Somehow we knew right from the start that we would have to make the choice to SEE God's image in her. This is challenging because we usually want to see God's image in things like victory, strength and perfectness...Regan was God's creation, perfectly plan just as she was. Now this song was mostly the kids and I..Brian isn't big on sweet little songs. We heard this song almost everyday while we were on vacation. We thought it was pretty cool. I love this picture of her because I can see the light of Jesus in her eyes...a joy that is beyond anything I think I have ever known...I think Regan understood something deeper about life than I do. I think she as enlightened in a way....she saw things correctly..the way Jesus wants us to maybe.

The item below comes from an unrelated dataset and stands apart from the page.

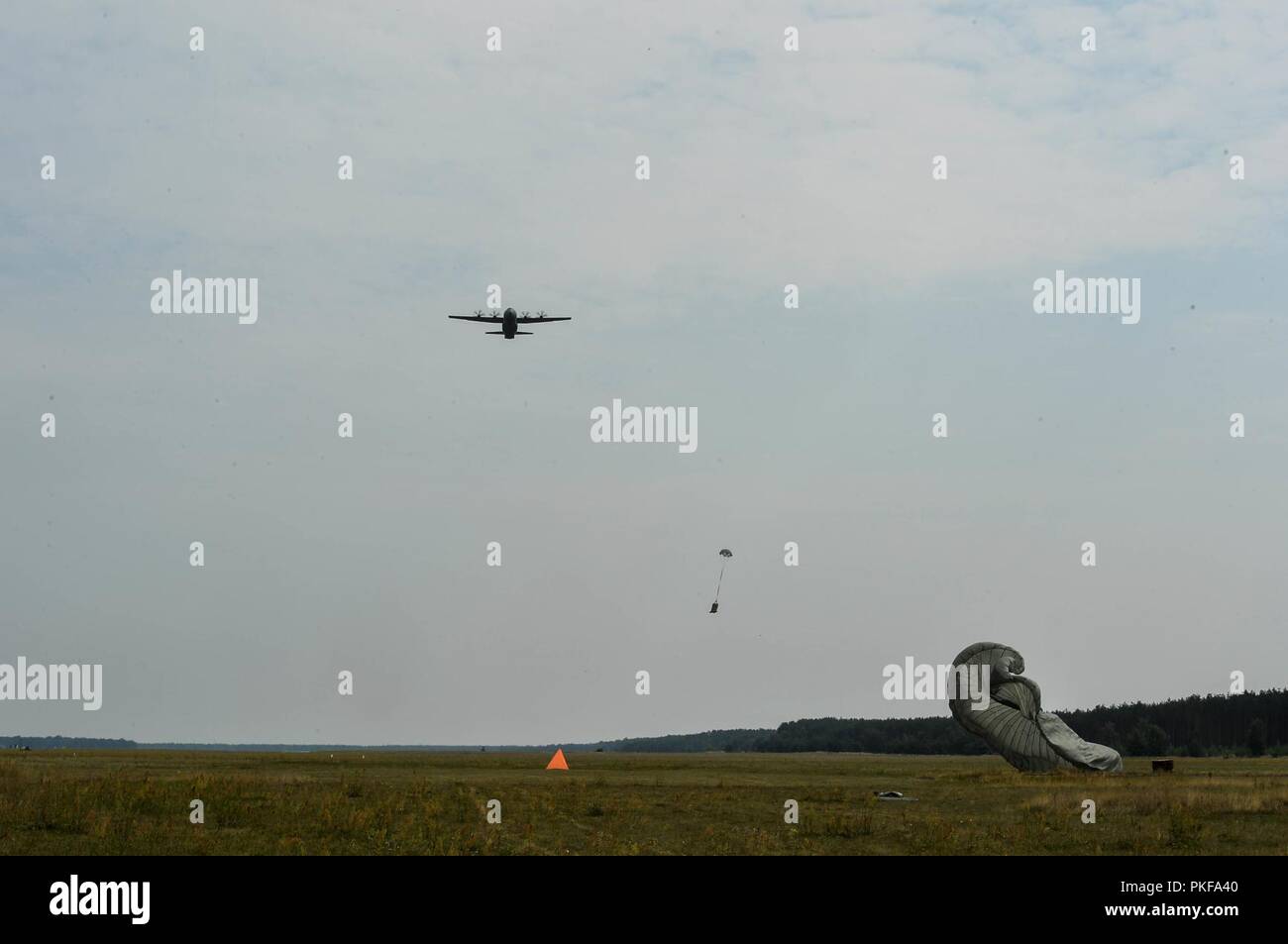Un U.S. Air Force C-130J Super Hercules survole une zone de chute comme fret forfaits livraison descendre, sur la base aérienne de Powidz, Pologne, 9 août, 2018. Les aviateurs polonais et américains ont célébré leur partenariat avec un concours de rodéo de l'aérospatiale. Banque D'Images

Another one of SCC songs that has meant a lot to me when I started this grief process over six years is called "With Hope" Six years ago I was grieving the ideas and plans for Regan that died because she had a mitocondrial disorder. It was then that I grieved that she wouldn't have a full life or a long one for that matter. I grieved for her and for me that she would never know the experience falling in love and that I wouldn't get to watch her. I grieved that she would never know the feeling of running in her daddy's arms when he comes home from work and I wouldn't get to watch it. I grieved that she would never know sleeping over at her best friends house, going to Kindergarten, prom, driving, being Rylee's maid of honor at her wedding, having babies of her own...and I wouldn't get to watch her. So all this lose made me start to grieve her. Though I thought all this practice would help me for the deeper grief that would come somewhere in the future...the future that I am living in now....I don't know that anything can prepare you for this. But the song says this,

This is not at all how we thought iwas supposed to be. We had so many plans for you we had so many dreams. And now you've gone away and left us with the memories of your smile and nothing we can say and nothing we can do can take away the pain. The pain of losing you, but "We can cry with hope, We can say good bye with hope. Cause we know our goodbye is not the end, oh no. And we can grieve with hope, cause we believe with hope There's a place by God's grace. There's a place where we'll see your face again. We'll see your face again and never have I Known anything so hard to understand. And never have I questioned more the wisdom of God's plan. But through the cloud of tears I see the Father's smile and say well done. And I imagine you where you wanted most to be. Seeing all your dreams come true cause now you're home and now you're free and We have this hope as an anchor. Cause we believed that everything God promed us is true. We wait we hope. We hold on with hope. We let go with hope."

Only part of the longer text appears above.